Come to find out, meal prepping takes a lot of time, and can eat up an entire evening. To simplify the process, many people ordered meal kits from Blue Apron or Hello Fresh during the pandemic to save time and avoid supermarkets – but a meal kit still takes at least 30 minutes to prep.

In today’s age of automation and artificial intelligence, there’s got to be a better way. One company offers the world’s first-ever “robotic kitchen” for consumers that does all the cooking for you.

Adios restaurants or cooking for yourself or even hiring a private chef, that is, because the Moley Robotic Kitchen can whip up at least 5,000 recipes at the press of a button.

“Not only does the robot cook complete meals, it tells you when ingredients need replacing, suggests dishes based on the items you have in stock, learns what you like and even cleans up surfaces after itself,” London-based robotics company Moley wrote on its website.

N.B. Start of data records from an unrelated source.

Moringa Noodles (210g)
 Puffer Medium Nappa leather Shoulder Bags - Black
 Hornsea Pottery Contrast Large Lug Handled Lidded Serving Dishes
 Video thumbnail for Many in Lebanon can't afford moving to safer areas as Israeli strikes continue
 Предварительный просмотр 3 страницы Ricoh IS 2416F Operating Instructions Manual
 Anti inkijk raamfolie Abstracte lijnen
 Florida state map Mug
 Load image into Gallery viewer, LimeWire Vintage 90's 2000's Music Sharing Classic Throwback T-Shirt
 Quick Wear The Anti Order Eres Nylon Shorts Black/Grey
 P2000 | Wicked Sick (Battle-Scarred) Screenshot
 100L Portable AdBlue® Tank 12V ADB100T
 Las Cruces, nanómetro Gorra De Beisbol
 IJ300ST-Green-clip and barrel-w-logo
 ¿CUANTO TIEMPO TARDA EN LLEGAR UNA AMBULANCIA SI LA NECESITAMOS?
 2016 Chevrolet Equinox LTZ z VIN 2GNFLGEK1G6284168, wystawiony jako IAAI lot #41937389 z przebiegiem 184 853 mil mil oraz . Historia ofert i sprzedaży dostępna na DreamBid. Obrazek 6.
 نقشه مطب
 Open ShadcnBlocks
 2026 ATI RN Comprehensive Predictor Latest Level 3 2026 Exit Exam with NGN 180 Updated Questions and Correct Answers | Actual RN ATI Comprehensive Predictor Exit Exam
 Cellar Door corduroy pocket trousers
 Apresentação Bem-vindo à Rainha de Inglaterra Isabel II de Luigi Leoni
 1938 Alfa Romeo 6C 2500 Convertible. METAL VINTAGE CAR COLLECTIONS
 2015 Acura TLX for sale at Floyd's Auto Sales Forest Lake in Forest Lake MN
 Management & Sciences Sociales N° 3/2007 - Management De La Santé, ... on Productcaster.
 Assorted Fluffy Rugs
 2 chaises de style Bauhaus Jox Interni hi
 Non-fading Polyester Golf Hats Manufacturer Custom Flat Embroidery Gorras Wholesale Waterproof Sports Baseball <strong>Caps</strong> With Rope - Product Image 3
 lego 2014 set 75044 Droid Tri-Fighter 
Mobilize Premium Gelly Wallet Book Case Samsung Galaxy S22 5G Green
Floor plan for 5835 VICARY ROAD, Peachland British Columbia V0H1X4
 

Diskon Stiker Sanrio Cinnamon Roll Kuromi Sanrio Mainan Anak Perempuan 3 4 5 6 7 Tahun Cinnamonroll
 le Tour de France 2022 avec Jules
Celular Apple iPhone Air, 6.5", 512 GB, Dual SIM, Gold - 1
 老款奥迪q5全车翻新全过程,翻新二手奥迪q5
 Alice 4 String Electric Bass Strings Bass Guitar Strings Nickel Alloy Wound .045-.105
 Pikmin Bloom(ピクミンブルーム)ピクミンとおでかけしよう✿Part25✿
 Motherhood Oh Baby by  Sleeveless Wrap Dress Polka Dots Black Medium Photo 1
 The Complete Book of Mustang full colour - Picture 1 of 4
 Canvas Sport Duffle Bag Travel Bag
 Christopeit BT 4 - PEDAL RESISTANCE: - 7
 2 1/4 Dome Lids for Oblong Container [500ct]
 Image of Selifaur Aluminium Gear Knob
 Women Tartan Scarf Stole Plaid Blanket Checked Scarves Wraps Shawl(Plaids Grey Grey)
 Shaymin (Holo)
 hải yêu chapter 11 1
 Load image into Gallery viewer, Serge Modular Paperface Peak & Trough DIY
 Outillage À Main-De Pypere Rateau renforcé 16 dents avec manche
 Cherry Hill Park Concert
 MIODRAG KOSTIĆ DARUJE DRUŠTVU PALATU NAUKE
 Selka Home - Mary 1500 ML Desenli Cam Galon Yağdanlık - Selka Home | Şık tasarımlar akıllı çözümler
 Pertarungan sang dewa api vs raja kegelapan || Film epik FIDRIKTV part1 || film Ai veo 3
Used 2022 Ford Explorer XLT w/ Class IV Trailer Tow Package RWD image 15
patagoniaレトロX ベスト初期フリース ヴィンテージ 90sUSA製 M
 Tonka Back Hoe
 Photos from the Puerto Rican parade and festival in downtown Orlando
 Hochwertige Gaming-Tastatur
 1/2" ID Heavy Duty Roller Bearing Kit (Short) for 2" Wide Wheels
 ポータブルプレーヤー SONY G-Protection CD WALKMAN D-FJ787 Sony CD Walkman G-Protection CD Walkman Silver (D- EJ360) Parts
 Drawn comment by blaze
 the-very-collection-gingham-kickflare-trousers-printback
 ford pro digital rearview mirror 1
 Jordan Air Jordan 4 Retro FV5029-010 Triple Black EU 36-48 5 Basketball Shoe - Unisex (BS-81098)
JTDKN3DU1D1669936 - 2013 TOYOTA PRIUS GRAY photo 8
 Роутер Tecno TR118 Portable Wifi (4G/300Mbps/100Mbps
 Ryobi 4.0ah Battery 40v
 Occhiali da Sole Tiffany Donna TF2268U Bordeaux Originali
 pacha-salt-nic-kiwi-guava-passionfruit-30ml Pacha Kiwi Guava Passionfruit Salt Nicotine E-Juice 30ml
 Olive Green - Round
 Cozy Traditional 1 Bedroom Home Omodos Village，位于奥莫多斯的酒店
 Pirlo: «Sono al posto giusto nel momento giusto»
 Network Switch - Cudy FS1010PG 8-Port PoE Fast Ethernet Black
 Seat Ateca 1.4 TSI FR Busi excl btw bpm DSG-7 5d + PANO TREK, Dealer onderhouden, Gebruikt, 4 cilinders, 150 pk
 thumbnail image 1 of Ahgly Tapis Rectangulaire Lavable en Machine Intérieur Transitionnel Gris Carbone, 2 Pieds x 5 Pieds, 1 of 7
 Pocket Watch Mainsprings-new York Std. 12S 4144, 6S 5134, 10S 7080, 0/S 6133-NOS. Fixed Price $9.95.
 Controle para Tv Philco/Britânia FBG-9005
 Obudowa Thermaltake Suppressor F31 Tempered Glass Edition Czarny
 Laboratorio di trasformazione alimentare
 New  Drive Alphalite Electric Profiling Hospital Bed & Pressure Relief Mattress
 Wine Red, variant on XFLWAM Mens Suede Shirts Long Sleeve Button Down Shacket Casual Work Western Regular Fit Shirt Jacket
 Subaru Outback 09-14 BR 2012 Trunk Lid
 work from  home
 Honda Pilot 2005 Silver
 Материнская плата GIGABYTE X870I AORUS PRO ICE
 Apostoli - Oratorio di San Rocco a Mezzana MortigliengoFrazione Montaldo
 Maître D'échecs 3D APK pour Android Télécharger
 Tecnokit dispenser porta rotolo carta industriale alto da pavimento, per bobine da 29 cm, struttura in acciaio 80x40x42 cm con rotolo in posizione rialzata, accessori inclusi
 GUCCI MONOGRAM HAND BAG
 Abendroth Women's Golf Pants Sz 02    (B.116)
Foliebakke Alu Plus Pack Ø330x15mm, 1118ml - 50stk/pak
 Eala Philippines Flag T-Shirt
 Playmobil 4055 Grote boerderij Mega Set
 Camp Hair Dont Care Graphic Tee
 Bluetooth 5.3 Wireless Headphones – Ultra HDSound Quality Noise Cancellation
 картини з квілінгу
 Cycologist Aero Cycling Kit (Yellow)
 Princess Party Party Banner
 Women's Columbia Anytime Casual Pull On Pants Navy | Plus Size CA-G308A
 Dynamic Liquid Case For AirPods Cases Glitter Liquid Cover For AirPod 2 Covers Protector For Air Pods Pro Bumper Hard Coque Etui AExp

Moley gives a household the peace of mind with “routine cooking, plan and adapt your menu according to different diets and lifestyles, enjoy international cuisine anytime, control calories and get cooking tips and recipes from chefs around the world,” the website continued.

Now the robotic chef isn’t cheap. It costs a little more than the 2020 McLaren 720S supercar, around $330k.

According to The Guardian, Moley Kitchen already has 1,205 “qualified sales inquiries” from people interested in buying one.

Over time, automated kitchen prices are expected to become more affordable.

“What you are looking at here is the world’s first consumer robotic kitchen,” founder Mark Oleynik said as he launched the robot kitchen at the Gulf information technology exhibition in Dubai. “Like all breakthrough technologies – cars, televisions and computers – it will appeal to enthusiasts, professionals and early adopters, and is priced accordingly.

“We anticipate that our pricing will be reduced significantly over time with production volume, efficiencies and economies of scale.”

So why ever return to a restaurant when you can have a robotic chef whip up 5,000 recipes at the press of a button?